E a diretora Nisha Ganatra encena tudo isso de modo simples e assertivo mas estilizando o material que tem em mãos seja fazendo que uma colagem visual mostre de modo divertido, criativo e prático toda a construção do relacionamento de Anna e Eric (Manny Jacinto), a cena da troca de corpos que mostra bem essa coisa da dobra de apostas visuais e narrativas radicalizando as coisas numa cena toda construída em grandes angulares em primeiríssimos planos, subjetivas mostrando o ponto de vista dos olhares das personagens, super closes frontais, montagem agitada e contraluzes fortíssimos da manhã pra traduzir esse clima enlouquecedor da cena, o absurdo disso tudo e essa nova passagem. Além de sacadas cômicas muito boas como quando briga de comida na festa de escola está prestes a começar no pátio e um aluno mímico olha para o céu gritado em silencio enquanto é filmado num plano zenital pela câmera (que captura do teto pra baixo) e então ele é jogado de lado por outro aluno que grita finalmente: “briga de comida”.

Claramente as responsáveis por esse filme demonstram um capricho muito grande ao lidar com esse projeto e entendem bastante suas possibilidades criativas. É uma alegria ver um filme desse tipo feito pra Disney que diferente de Lilo & Stitch, Desencantada, Como Treinar o Seu Dragão ou alguma outra porcaria dessas realmente não fica totalmente nas sombras do filme original de algum modo, não parece apenas um produto – obviamente ele é um produto, mas não é só isso – e não é terrivelmente feio e mal iluminado conseguindo ser vibrante também nas suas cores, no seu visual espalhafatoso e na sua iluminação clara e visível. É muito bom ver Lindsay Lohan demonstrando todo o seu talento, o seu timing cômico e o seu brilho já conhecido em cena em prol de um projeto que ela esteja tão solta e confortável. Ela é uma atriz brilhante, das melhores da geração dela e é uma pena que a vida pessoal não tenha feito ela alcançar os voos que estava destinada a dar.

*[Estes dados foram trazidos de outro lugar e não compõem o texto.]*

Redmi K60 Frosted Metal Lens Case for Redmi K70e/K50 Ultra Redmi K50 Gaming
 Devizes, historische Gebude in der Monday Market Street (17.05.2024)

Nesse território ela demonstra a gigante que é e Jamie Lee Curtis – que no filme de 2003 provavelmente tinha dado a atuação da sua carreira estando fantástica ali – usa todo o seu histrionismo e exageros já conhecidos para fazer uma composição totalmente sintoniza com os seus pontos fortes como intérprete, com o fator leve, mais livre desses filmes que a fazem fluir de modo mais solto também e tem um material que até extrapola as suas possibilidades circenses e de contraste. Cada uma das quatro atrizes tem um destaque específico e tempo de tela para brilharem nesse misto de confusões, trapalhadas e emoções. E Freakier Friday mostra bem que ser um filme infantojuvenil, um filme familiar e uma continuação não é justificativa para se entregar algo ruim. Esse é o melhor filme live-action desse tipo da Disney em muitos anos.